Band of the matter

Radio Frequency Spectrum is the entire range of wavelengths of electromagnetic radiation that is used as carrier of wireless transmission. It is, therefore, the basic requirement for providing wireless services.

Spectrum, also dubbed radio waves, is a finite but non-consumable global natural resource and commands high economic value due to heavy demand in the telecom sector.

Frequencies are allocated by the International Telecommunication Union (ITU) at World Radio Communication Conferences. India falls in the ITU region III.

Allocations are made on the regional basis, for different services. The allocation of ITU radio regulations exists from 9 KHz to 1000 GHz. In India, the radio frequencies are confined between 9 KHz and 400 GHz.

In India, mobile services using the GSM technology work in the frequency bands of 900 and 1800 MHz and those in CDMA club works in the 800 MHz band.

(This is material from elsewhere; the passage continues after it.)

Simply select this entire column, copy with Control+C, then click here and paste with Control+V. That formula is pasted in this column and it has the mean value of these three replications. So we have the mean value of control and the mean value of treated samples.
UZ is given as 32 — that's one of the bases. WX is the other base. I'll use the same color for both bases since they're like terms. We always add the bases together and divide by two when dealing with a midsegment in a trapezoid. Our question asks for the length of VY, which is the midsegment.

The Wireless Planning and Co-ordination (WPC) Wing in the Department of Telecommunications (DoT) deals with the policy of spectrum management, wireless licensing and frequency assignments.

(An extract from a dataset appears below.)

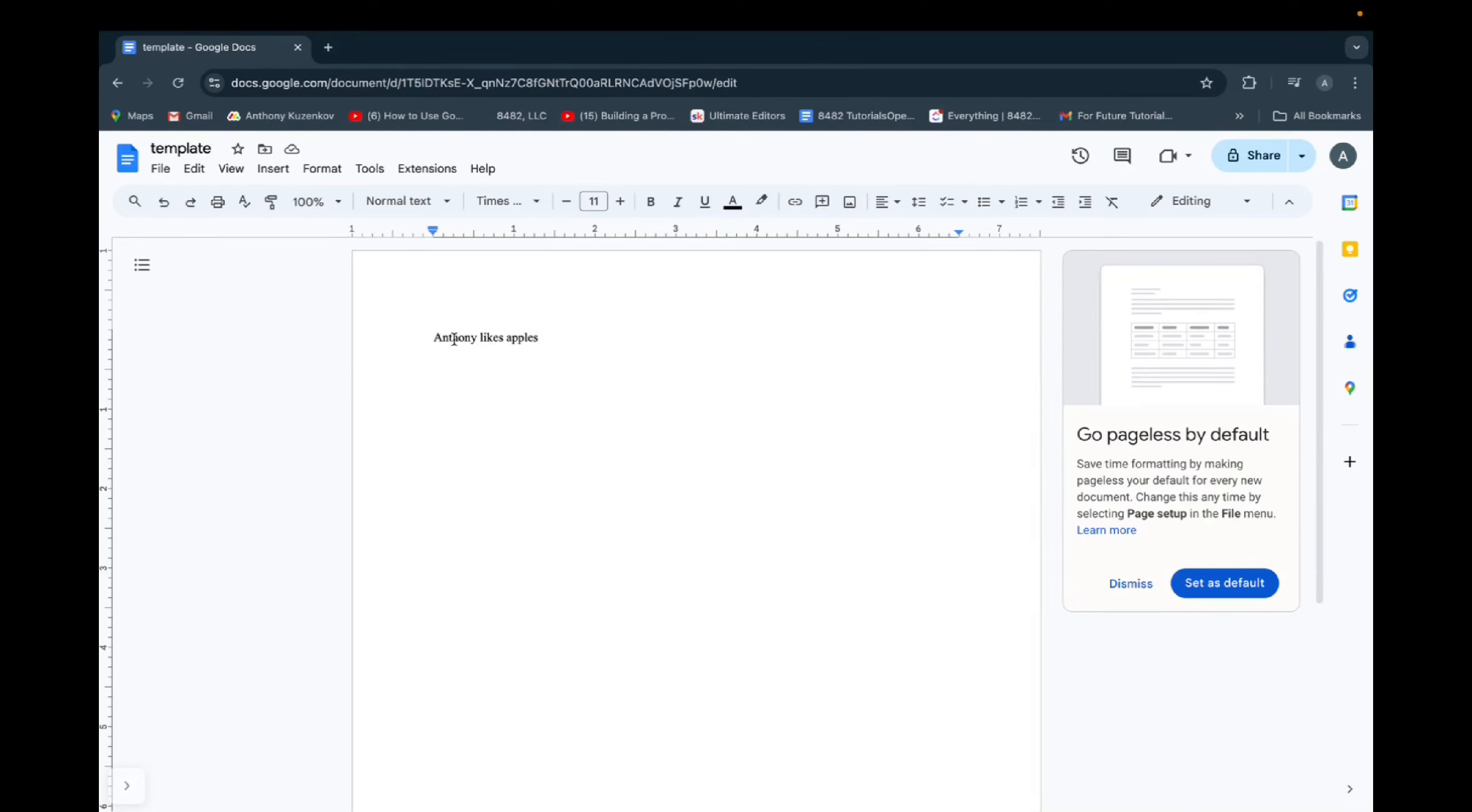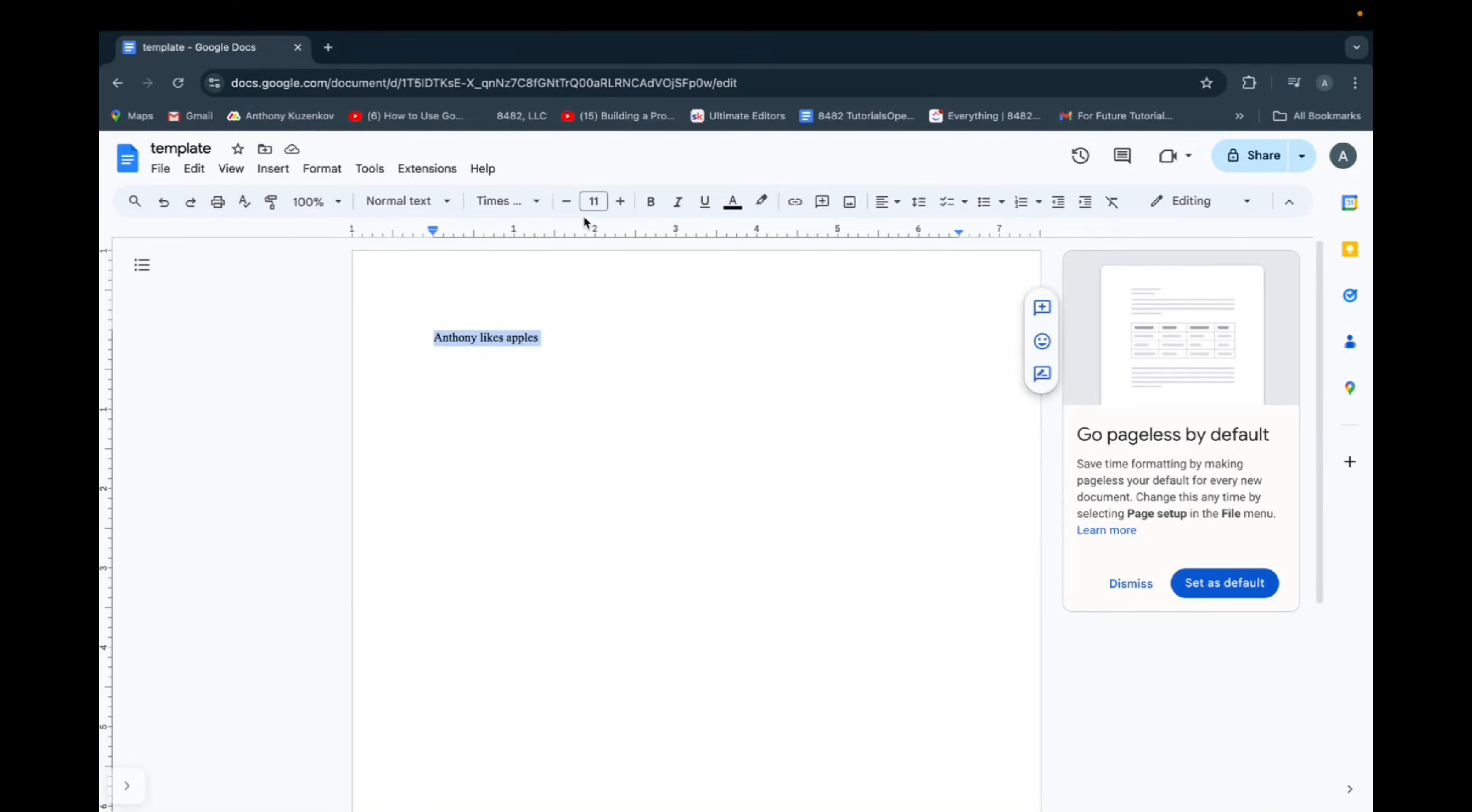Super simple. So let's say you already wrote something down. All you have to do is highlight either the sentence, the paragraph, or the entire essay.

The spectrum allocation policy is contained in the national frequency allocation plan, based on the international radio regulations.

Historically, all bands of radio waves were given to Defence Ministry to be used for its communication needs. The DOT always approach Defence Ministry and get spectrum band  released for use in the commercial sector.

Unlike other natural resources, radio frequency spectrum is not exhausted when used. But it could be wasted if not used efficiently.